(DATASET EXTRACT Opens)

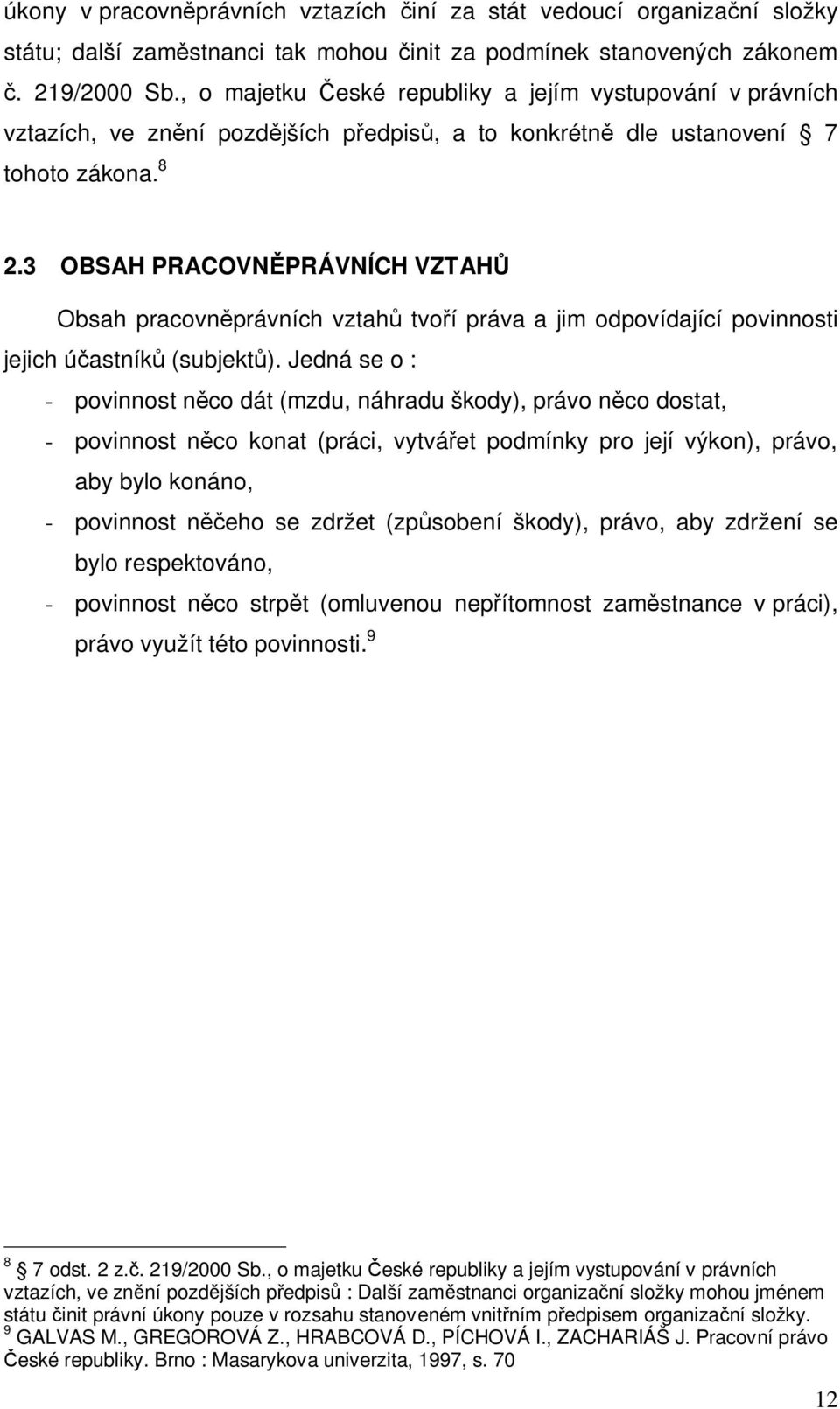 3 OBSAH PRACOVN PRÁVNÍCH VZTAH Obsah pracovn právních vztah tvo í práva a jim odpovídající povinnosti jejich ú astník (subjekt ).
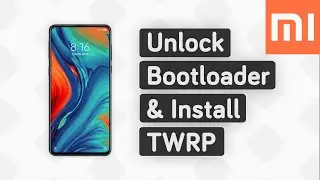 [Xiaomi] Разблокировка загрузчика, установка TWRP Recovery (универсальное руководство)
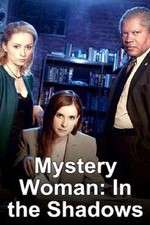 Watch Mystery Woman: In the Shadows Myflixer
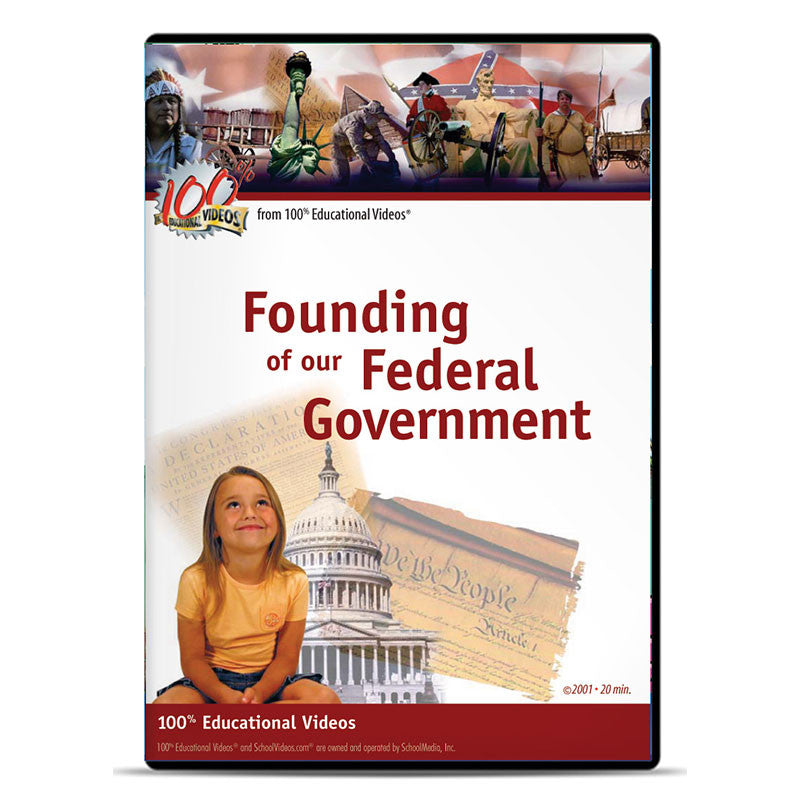 Founding of Our Federal Government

(DATASET EXTRACT Closes)

EXERCISE GOAL: The full listing, transcribed exactly and without its pictures, is the expected result.

ANSWER SECTION:
 3 OBSAH PRACOVN PRÁVNÍCH VZTAH Obsah pracovn právních vztah tvo í práva a jim odpovídající povinnosti jejich ú astník (subjekt ).
 [Xiaomi] Разблокировка загрузчика, установка TWRP Recovery (универсальное руководство)
 Watch Mystery Woman: In the Shadows Myflixer
 Founding of Our Federal Government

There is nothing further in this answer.